Friday, August 3, 2007 11:01 AM

fwiw, aside from a few "groaner" moment, the NYT generally really liked this movie ...

particularly Anne Hathaway and just generally the gentile "tone" and the depiction of the desperation of shabby-gentile woman with regard to marriage (something that awful dreadful what-this-woman-needs-is-a-husband Pride and Prejudice remake utterly ignored)..

Sounds like a more than pleasant way to spend a couple of hours ... aside from a couple of "groaner" moments ...

Friday, August 3, 2007 11:54 AM

I'm Laughing at Your Ignorance

"genteel, tasteful Harlequin romance"

Have you ever read one? I doubt it.

Please refrain from using comparisons when you are ignorant about what you're citing.

It's clear that you despise romance, that you despise romantics, and that you despise this movie. Your comments on this movie's merits as art may be dead on, but I question your credentials about the rest of what you've said.

Friday, August 3, 2007 05:59 PM

What makes you think Jane Austen was a Jane Austen character?

Maybe she was an earthly loud type who liked to hoist a few with the stablehands on her downtime. Maybe she was gay.

Saturday, August 4, 2007 06:26 AM

Saw it-- it's charming and unexpectedly moving

I don't know why Stephanie is so dismissive of this film. It's not Harlequin-romance-like at all. The performances are uniformly good (even Hathaway, whose big, weepy eyes are part of her charm here) and the plot revolves not so much around love as the thwarting of it: by conventions, resources, even death.

So what if it wildly embellishes Austen's life? True, it does try a bit too hard to link Austen's life with her art, which is its weakest feature. But the parallels between the known facts of Austen's life and her work are easy to draw.

Go see this film...it's entertaining and moving, and so what if it's pretty to look at?

If nothing else, you'll be treated to Maggie Smith providing a couple of her typically brilliant line readings. Brava!

Saturday, August 4, 2007 10:17 AM

Spence's book...and Tom Jones

I am on my way to see the film today (let you know how that turns out) but I have read the non-fiction book on which the movie was reportedly based.
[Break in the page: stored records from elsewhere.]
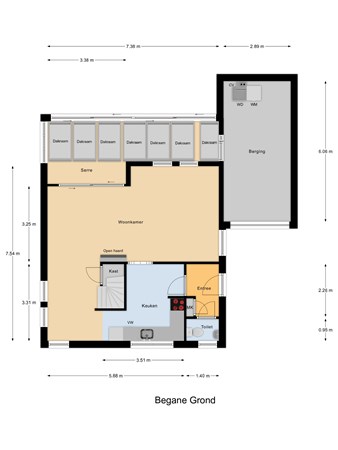 Floorplan - Boompjesstraat 42, 3291 AB Strijen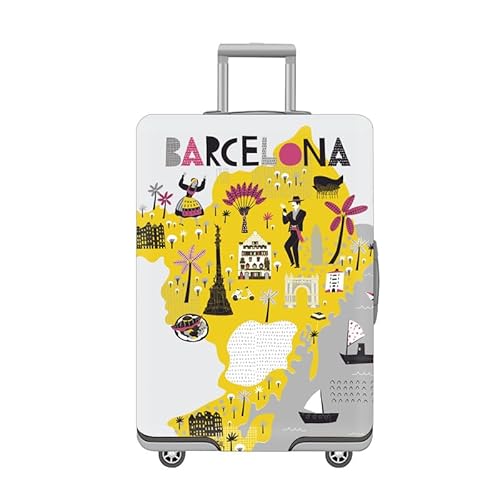 wxlmom Kofferschutzhülle XL Gelb Grau Waschbar,Suitcase Cover Für Kinder Und Erwachsene,Elastischer Spandex-Koffer-Protector,Koffer-Abdeckungen von wxlmom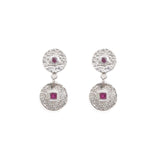 Beaten Coin Ruby Earring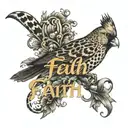 the word faith with a leopard print cardinal  tattoo design idea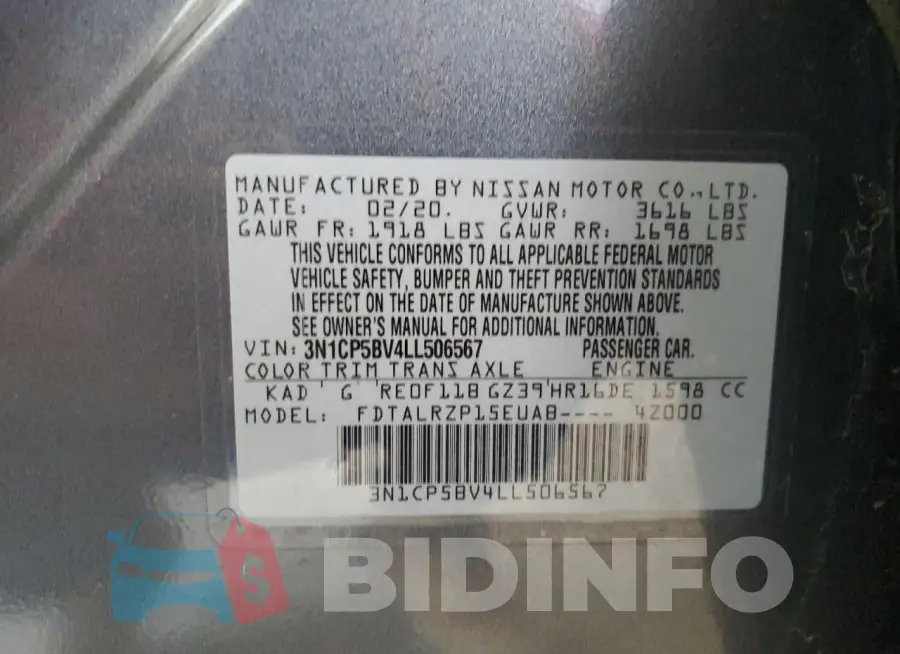 3N1CP5BV4LL506567 Photo# 13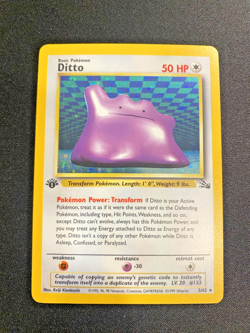 Ditto 3/62 1st Edition Holo Rare Fossil LP - Pokemon Card - Image 1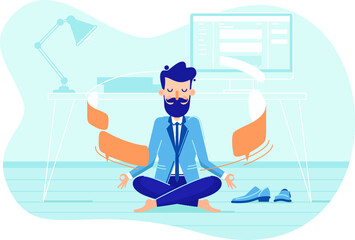 Businessman in Working Balance of Zen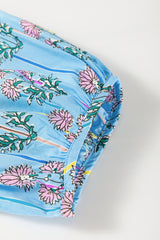 Sky Blue Floral Striped Print Shirred Yoke Split Neck Blouse Blouses & Shirts JT's Designer Fashion
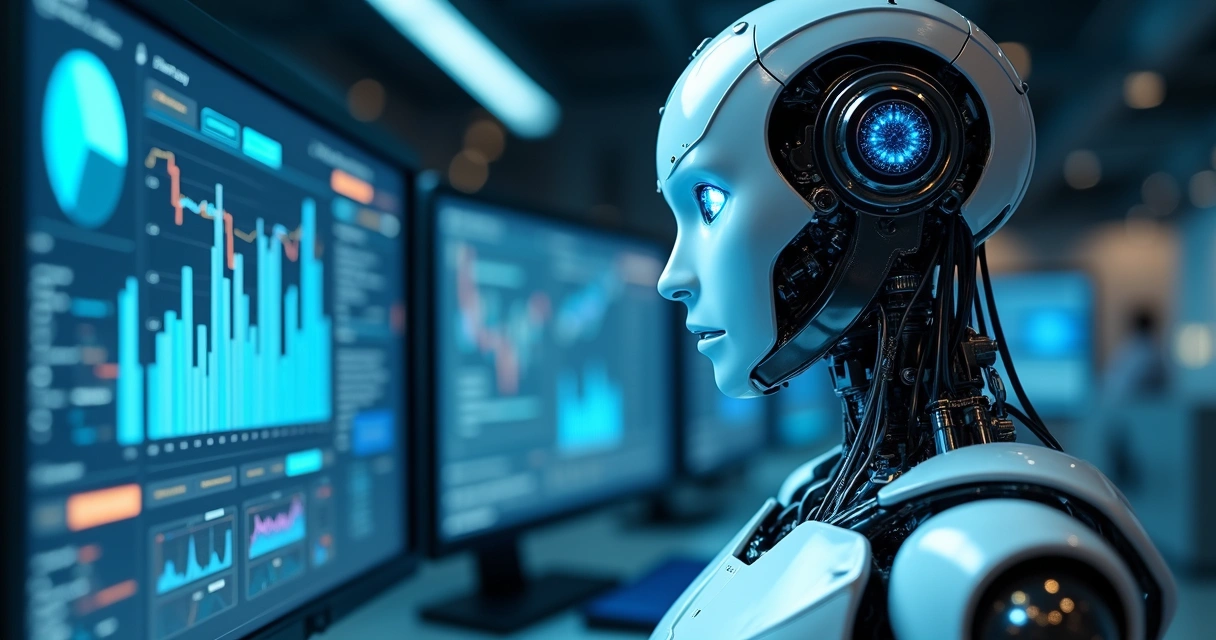 Robô analisando dados para aprendizado de máquina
Spence's book is a very interesting piece of pop-history woven with literary criticism. He takes all the familiar sources of information on Austen's life (family wills, letters, family-penned bios) and re-interprets them with an eye toward Austen's novels, and the ways in which Austen's family and personal lives made their way into them.
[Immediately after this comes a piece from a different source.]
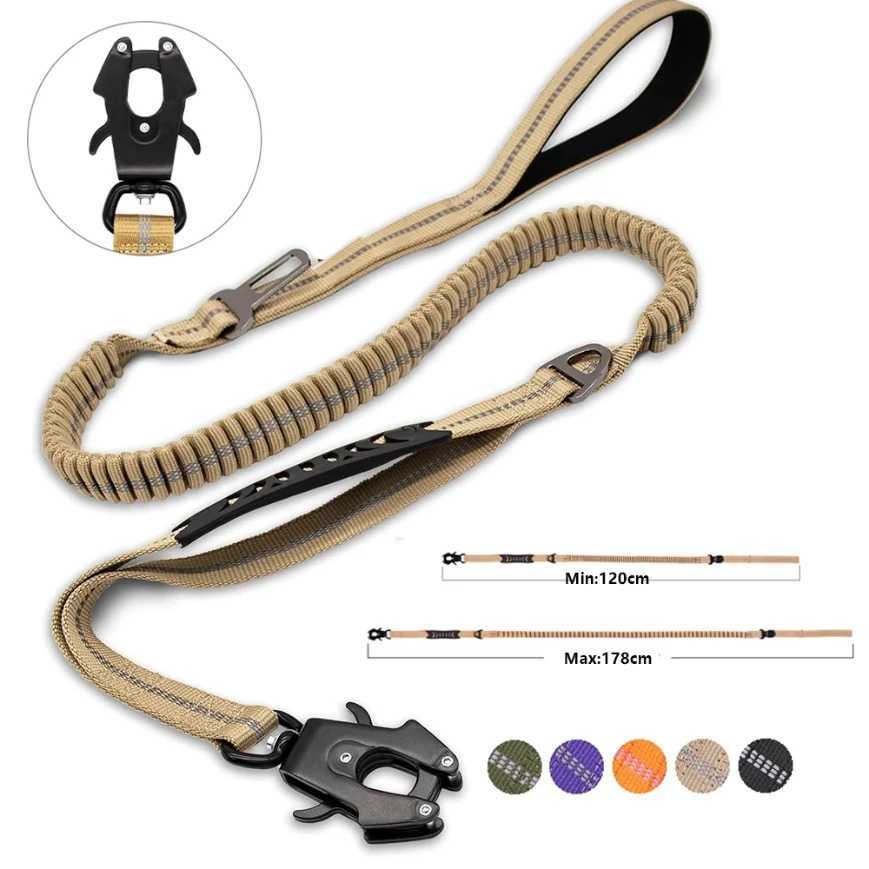 Reflective Shock Absorbing Pet Leashes with Car Seatbelt for Large Dogs Heavy Duty Tactical Bungee Dog Leash No Pull Dog LeashXJ250218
Spence makes a good case for an Austen-LeFroy romance. What I like best about his book is that he always indicates where something is "fact" (that is, a piece of information both recorded historically by more than one contemporary source and triangulated by family members' letters, etc) and where it is his own or even potentially an Austen family member's conjecture. Readers can choose to reject some of his (or an Austen family member 's) claims, but if we do so, it is because we are not convinced by the evidence, not merely because we dislike his argument.
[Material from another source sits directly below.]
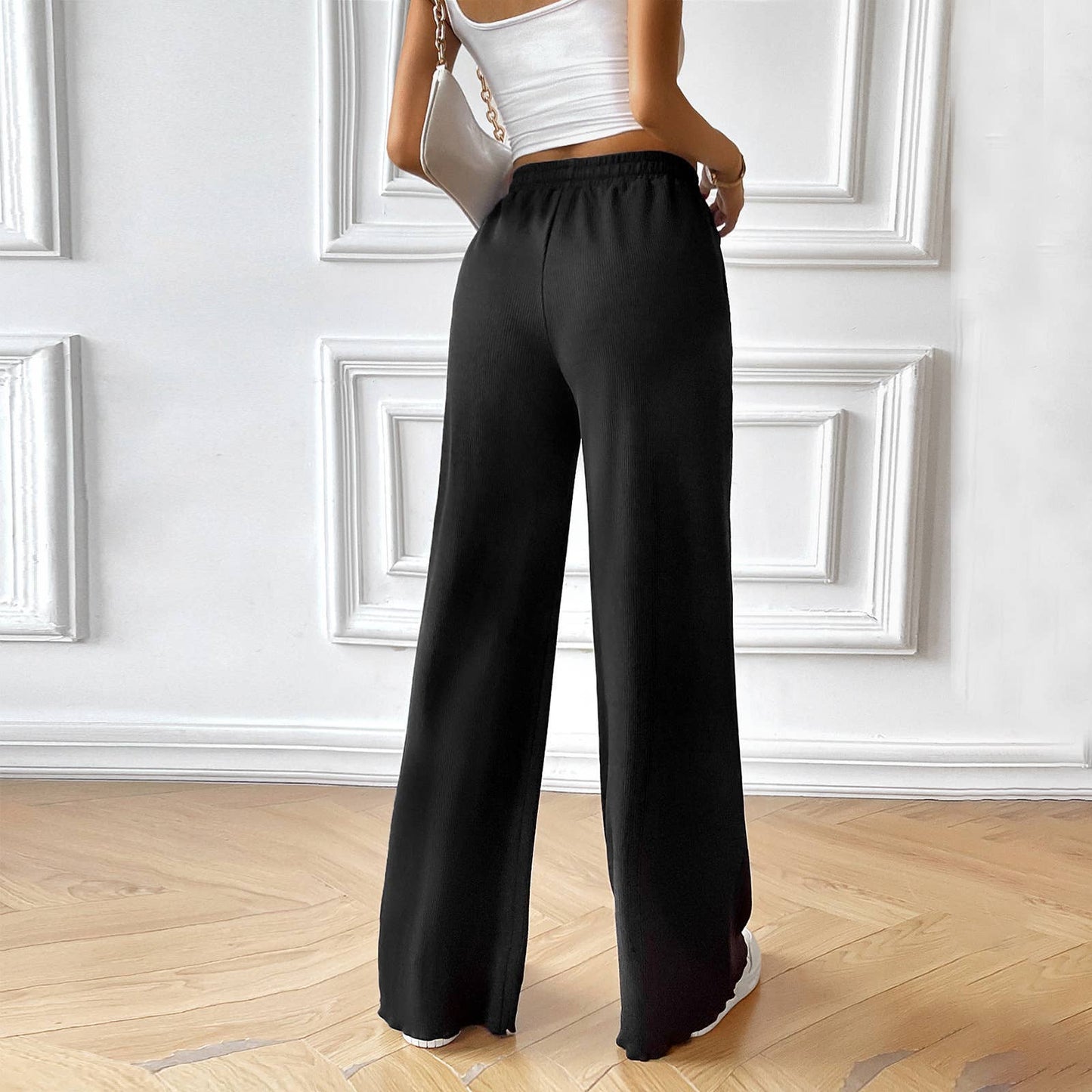 Elastic Waistband Casual Wide Leg Pants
I will have to presume that Zacharek has not read Spence's book; otherwise, I think her review would have both mentioned her opinion of it and been less dismissive of an Austen-LeFroy romance (of course, I do not know how the romance is construed in the movie, but Spence never claims sex or even marriage proposals were involved).

By the way, it is a well-documented (albeit not mentioned in Spence) fact that *Tom Jones* was considered too risque for unmarried women of the early to mid 19th century; the novel was kept out of their way on purpose by relatives and guardians. In fact, jokes were often made about how young women newly wed would exclaim "Now I can read Tom Jones!" I don't know how the movie presents Austen's introduction to TJ, but it is entirely likely that an unmarried woman of the age WOULD have been surprised/excited by the chance to read it.

(And the other letter-commentator correctly noted Spence's largely substantiated argument that LeFroy talked often of Tom Jones and Austen named at least one character in every novel after characters in TJ.)